EXERCISE BRIEF —
Would you repeat every entry below word for word but drop the images?
[THE DATA — start]
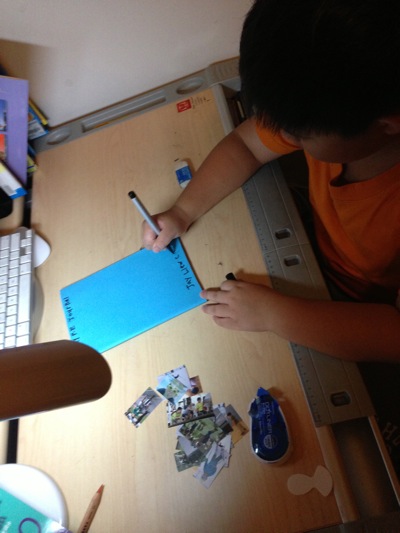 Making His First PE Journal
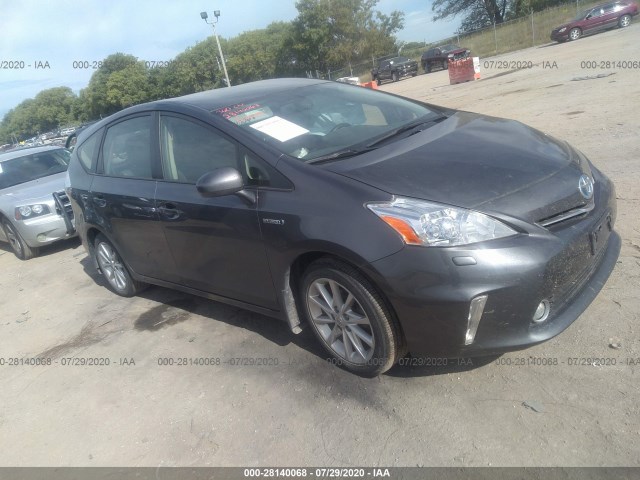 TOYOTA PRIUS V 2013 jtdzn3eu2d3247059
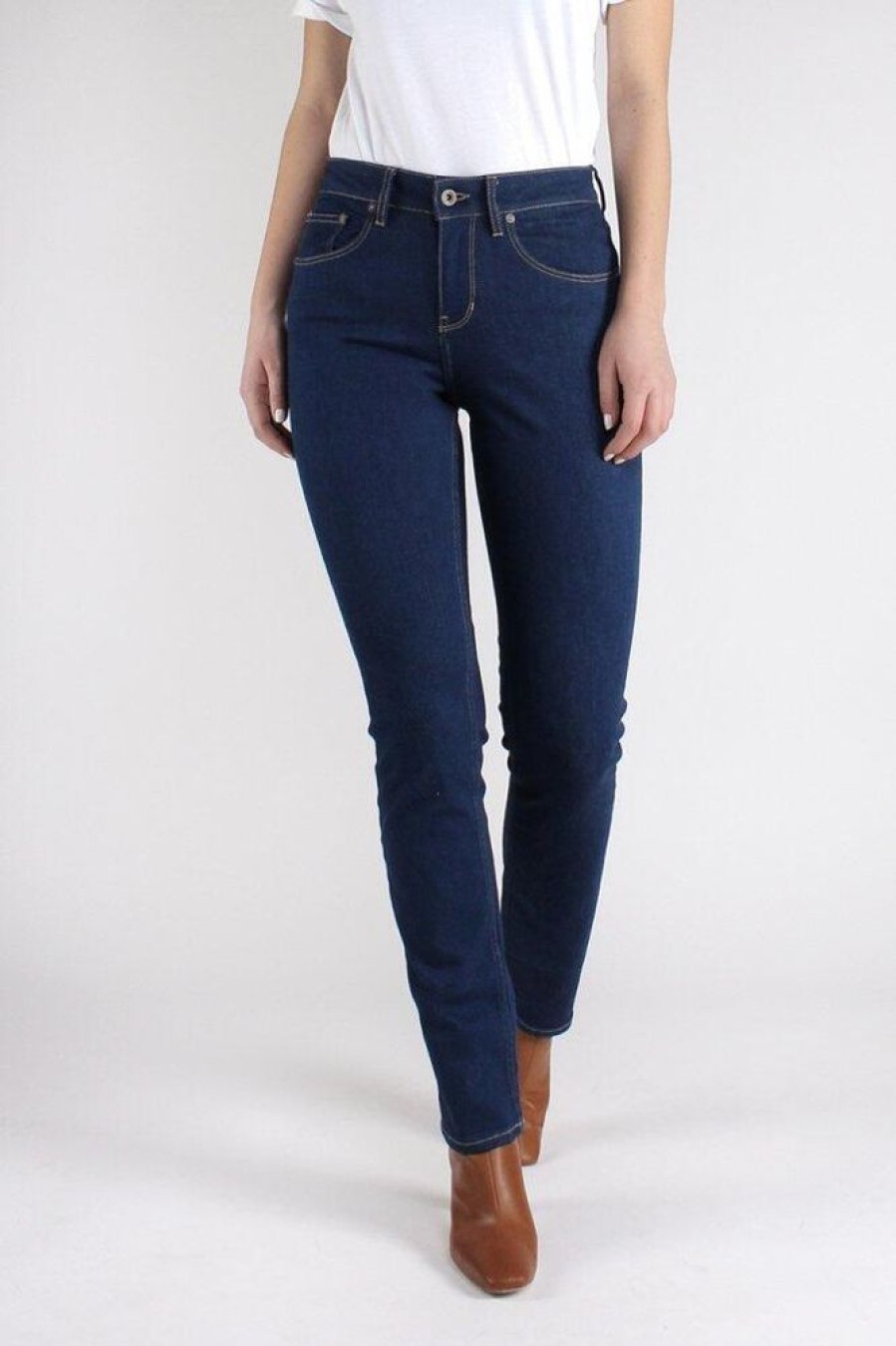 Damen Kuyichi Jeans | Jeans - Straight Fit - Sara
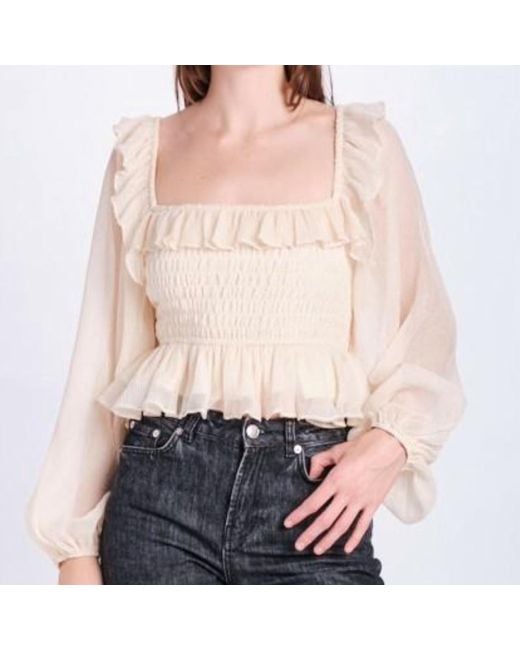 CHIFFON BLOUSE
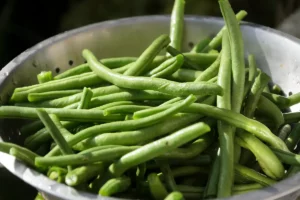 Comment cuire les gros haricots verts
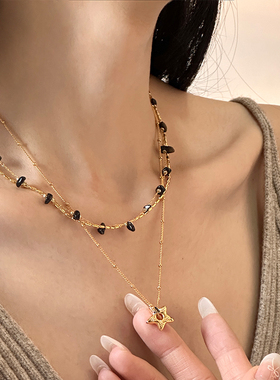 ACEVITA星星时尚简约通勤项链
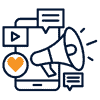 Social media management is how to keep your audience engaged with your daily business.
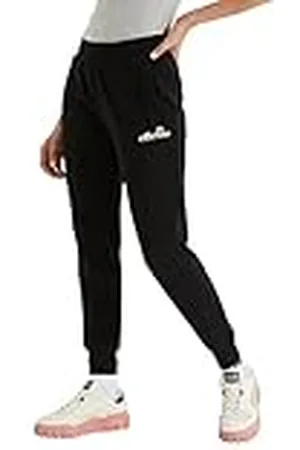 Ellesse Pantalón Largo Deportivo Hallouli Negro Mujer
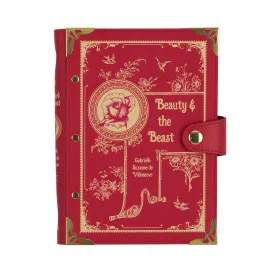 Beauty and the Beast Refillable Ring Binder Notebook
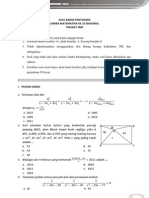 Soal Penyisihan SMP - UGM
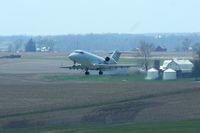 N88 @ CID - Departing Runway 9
[THE DATA — finish]
WRITTEN ANSWER —
 Making His First PE Journal
 TOYOTA PRIUS V 2013 jtdzn3eu2d3247059
 Damen Kuyichi Jeans | Jeans - Straight Fit - Sara
 CHIFFON BLOUSE
 Comment cuire les gros haricots verts
 ACEVITA星星时尚简约通勤项链
 Social media management is how to keep your audience engaged with your daily business.
 Ellesse Pantalón Largo Deportivo Hallouli Negro Mujer
 Beauty and the Beast Refillable Ring Binder Notebook
 Soal Penyisihan SMP - UGM
 N88 @ CID - Departing Runway 9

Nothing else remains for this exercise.